After high school, Huang studied law at Soochow University and graduated with a Bachelor of Laws (LL.B.) degree. She then earned a Master of Business Administration (M.B.A.) from National Chiao Tung University.

==Political career==
Prior to her career in politics, Huang worked as a lawyer based in Changhua.

===Electoral history===
Huang first ran for the legislature as an independent candidate in Changhua County during the 2004 elections, but did not win. In 2011, she was named to the Legislative Yuan as a member of the Taiwan Solidarity Union via party list proportional representation. The TSU had previously announced that representatives elected via the party list would serve only two-year terms, and as a result, Huang was replaced by Lai Chen-chang in 2014. She then became the TSU's Judiciary Reform Committee director and was in discussion to represent the party as candidate for Changhua County Magistrate later that year. She registered as an independent instead, was expelled from the Taiwan Solidarity Union, and lost the office to Wei Ming-ku. In 2018, Huang contested the Changhua magistracy for a second time, again as an independent.
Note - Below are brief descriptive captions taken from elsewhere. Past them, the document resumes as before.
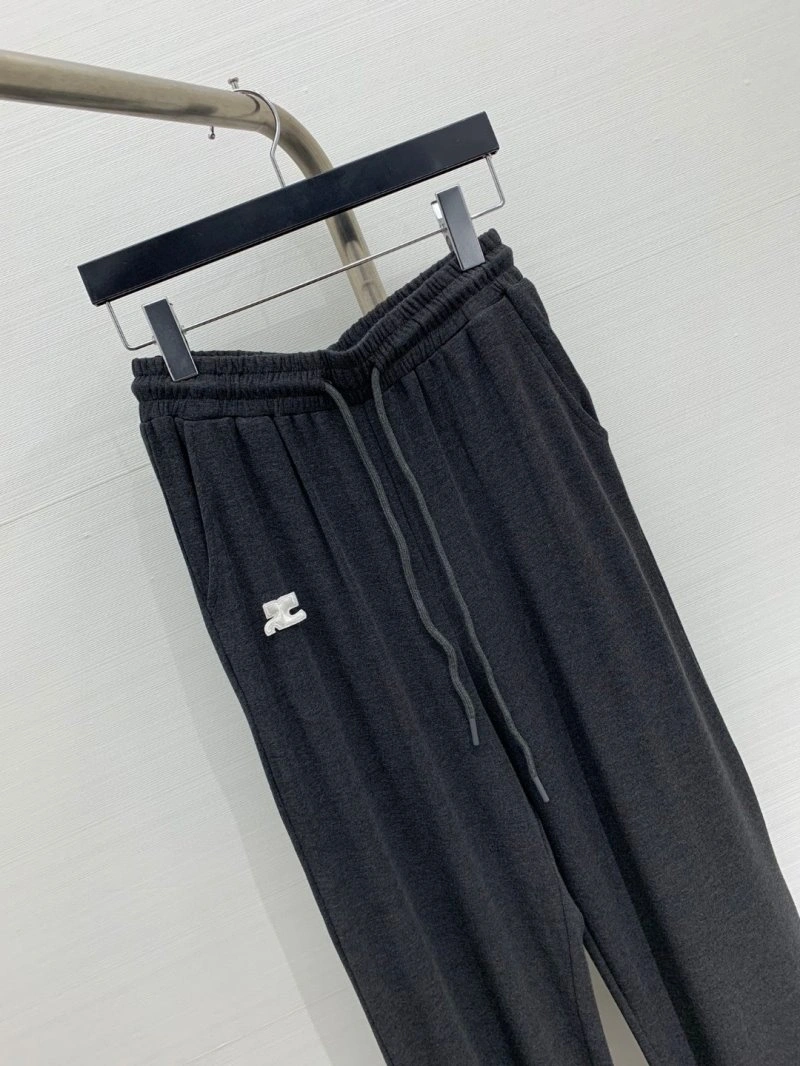 Unclassified Brand Long Suits SportInspired 147547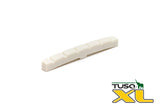 Graph Tech Tusq XL PQL-5000-L0 Slotted Fender Style Nut Left Handed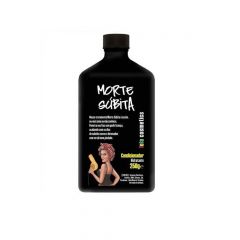 Condicionador Morte Súbita Lola 250mL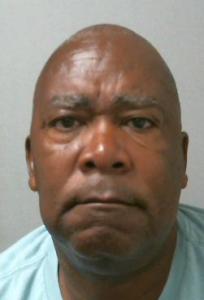 Raymond Lee Golden Jr a registered Sexual Offender or Predator of Florida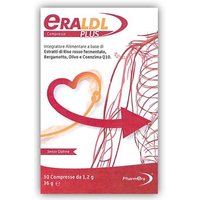 Eraldl plus 30cpr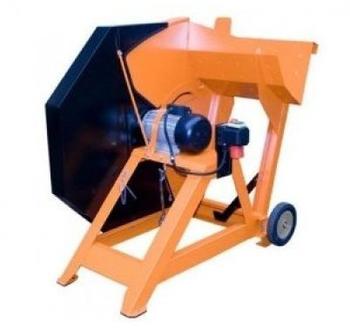 ATIKA BWS 600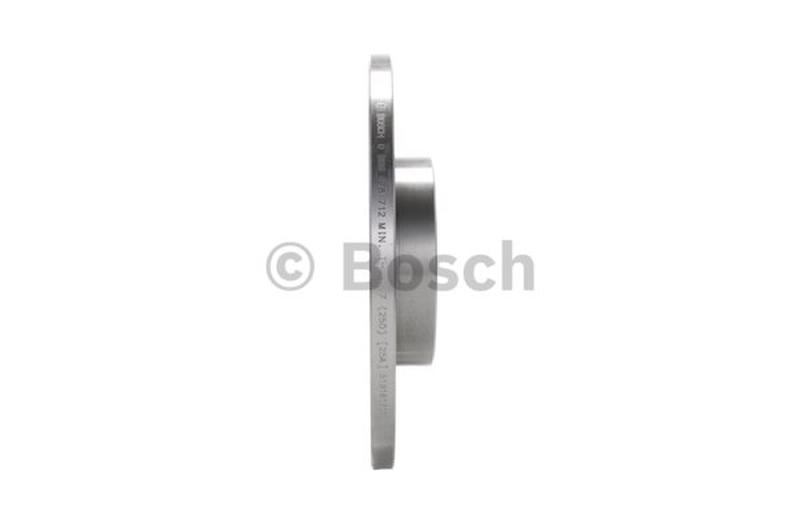 BOSCH 0-986-478-712-5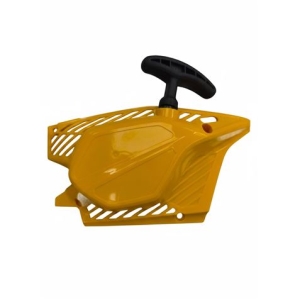 TIRADOR PARA MOTOSIERRA BLIM BL0478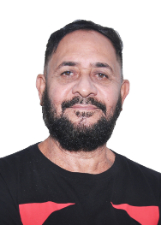 Foto de JAILDO BORGES DOS SANTOS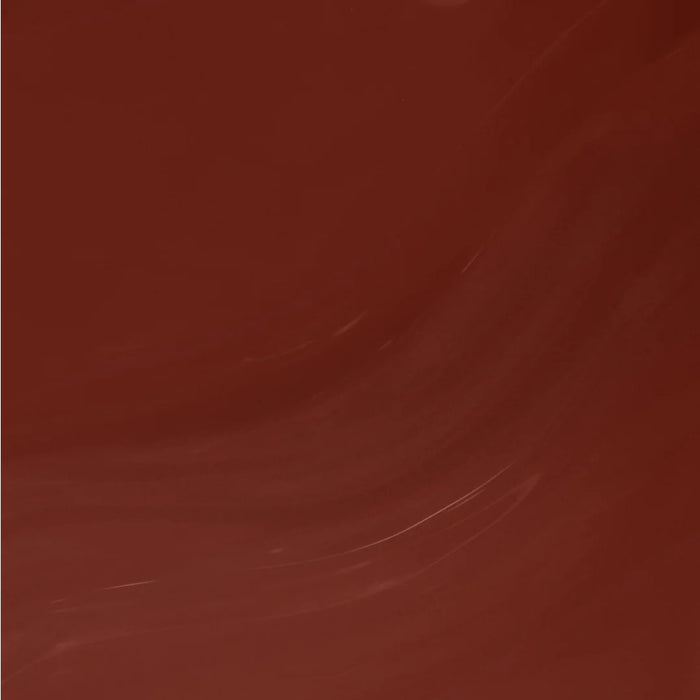 OPI Nail Lacquer Star-zipan on the Tree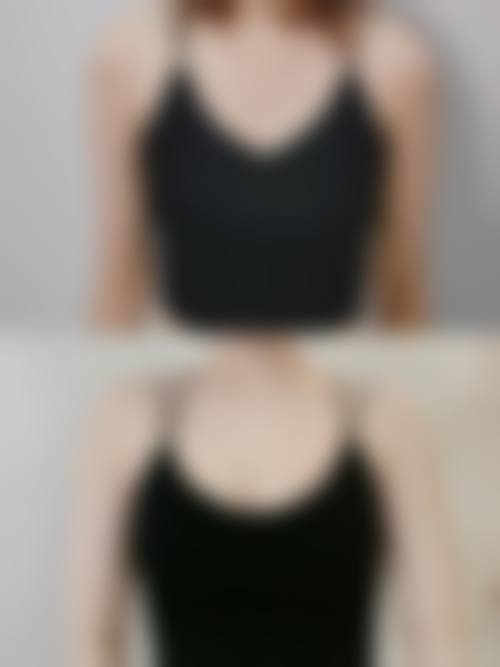 FAQ:常见问题解答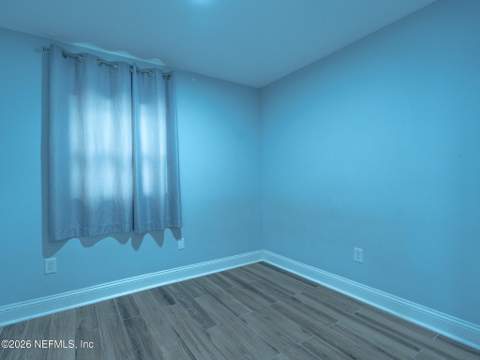 8354 Vining Street, Jacksonville FL - photo 6 of 14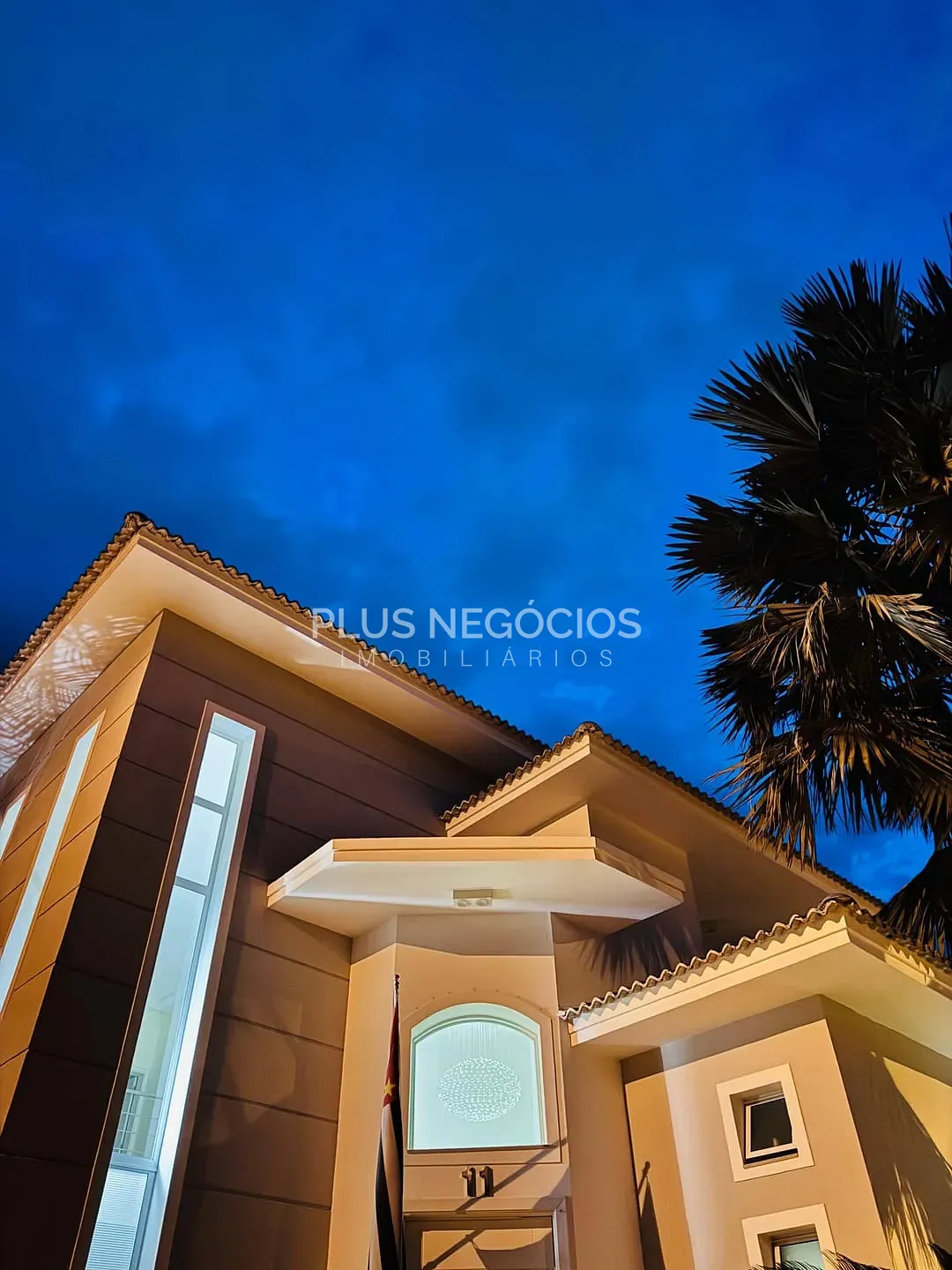 Casa, 4 quartos, 266 m² - Foto 4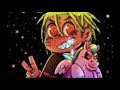 “Outside” - Trippie Redd (Feat. Polo G, The Kid Laroi, and Lil Tjay) UNRELEASED Prod. Caleb Avery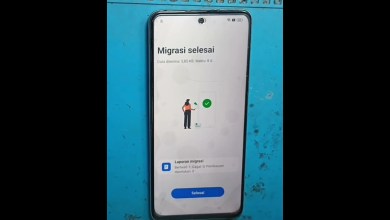 Unlocking Secrets: How to Bypass FRP on Oppo A58 (CPH2577) with Android 14 Security Patch 5! Unlocking Secrets: How to Bypass FRP on Oppo A58 (CPH2577) with Android 14 Security Patch 5!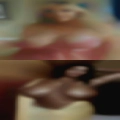 Find women Allentown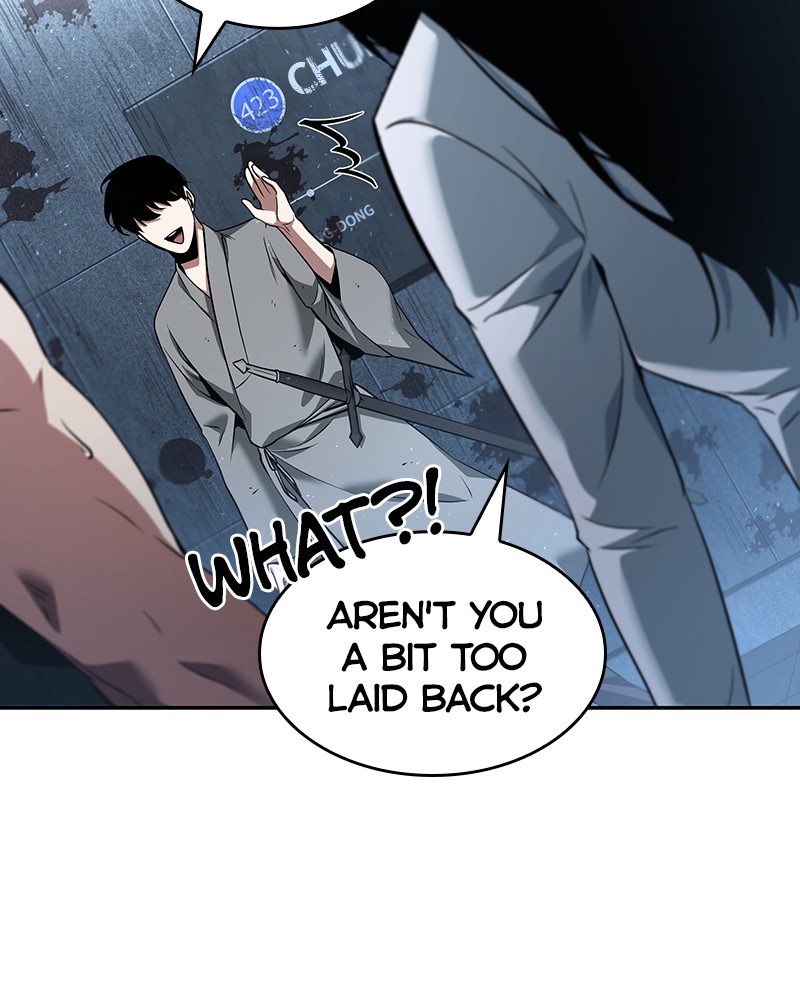Chapter 57 — Chapter 57 — Page 70
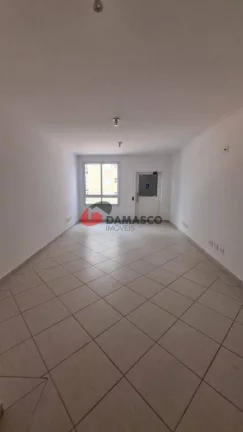 Imagem Sala comercial para Locação, Osvaldo Cruz, São Caetano do Sul, SP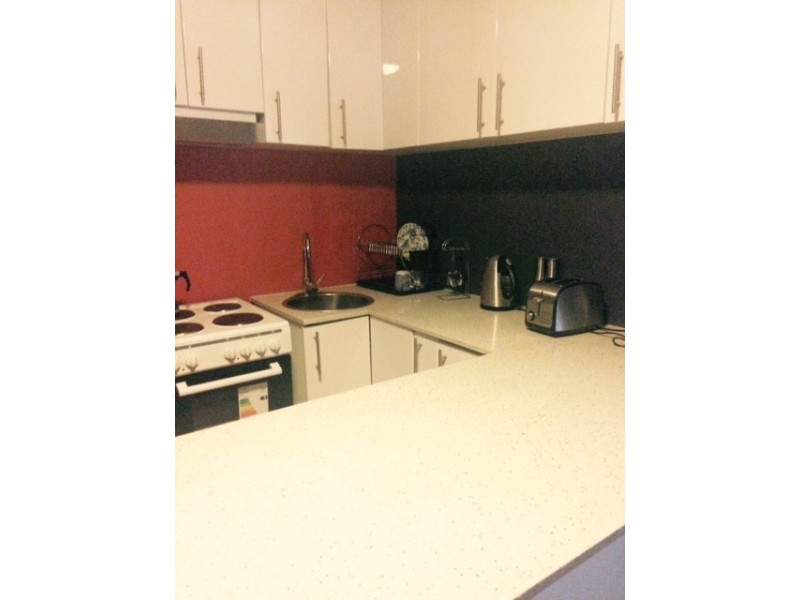 14 / 91 Great Western Highway, Parramatta NSW 2150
====2018 Changhua County magistrate election====

2018 Changhua County mayoral results
| No. | Candidate | Party | Votes | Percentage |  |
| 1 | Wei Ming-ku | Democratic Progressive Party | 283,269 | 39.87% |  |
| 2 | Wang Huei-mei | Kuomintang | 377,795 | 53.18% |  |
| 3 | Pai Ya-tsan | Independent | 7,402 | 1.04% |  |
| 4 | Huang Wen-ling | Independent | 34,690 | 4.88% |  |
| 5 | Hung Min-xiong (洪敏雄) | Independent | 7,263 | 1.02% |  |
| Total voters |  |  | 1,031,222 |  |  |
| Valid votes |  |  | 710,419 |  |  |
| Invalid votes |  |  |  |  |  |
| Voter turnout |  |  | 68.89% |  |  |

====2025 Central Election Commission nomination====
In December 2025, President William Lai nominated Huang to serve on the Central Election Commission. The Legislative Yuan voted against Huang's nomination in March 2026.

===Legislative term===
While a member of the Legislative Yuan, Huang served as Taiwan Solidarity Union caucus whip. In April 2012, she established the Taiwan–US Legislators Amity Association, a legislative caucus in opposition to the ROC–US Inter-Parliamentary Amity Association. In July, Huang visited Japan to discuss the Senkaku Islands dispute. She supported efforts to subject Premier Sean Chen to a vote of no confidence in September, stating that the result was "a betrayal of the will of the Taiwanese people." After the vote's failure, Huang unsuccessfully petitioned for a recall election against President Ma Ying-jeou. In December, Huang suggested that the TSU invite the Dalai Lama to visit Taiwan, after a planned trip was called off. In 2013, Huang proposed that the Act on Property Declaration by Public Servants be amended, increasing the number of government officials that would need to publicly release the value of their property holdings.

===Political stances===
Huang believes that duration of Examination Yuan terms should be shortened to four years. She opposed Taiwan's current electoral framework, single-member districts coupled with party-list representation, a change made in 2008.

She has been critical of the Taipei Police Department, Lung Ying-tai, and Cho Po-yuan.

In September 2019, Huang attempted to register Ko Wen-je's candidacy for the 2020 Taiwan presidential election, although the deadline set by the Central Election Commission had passed.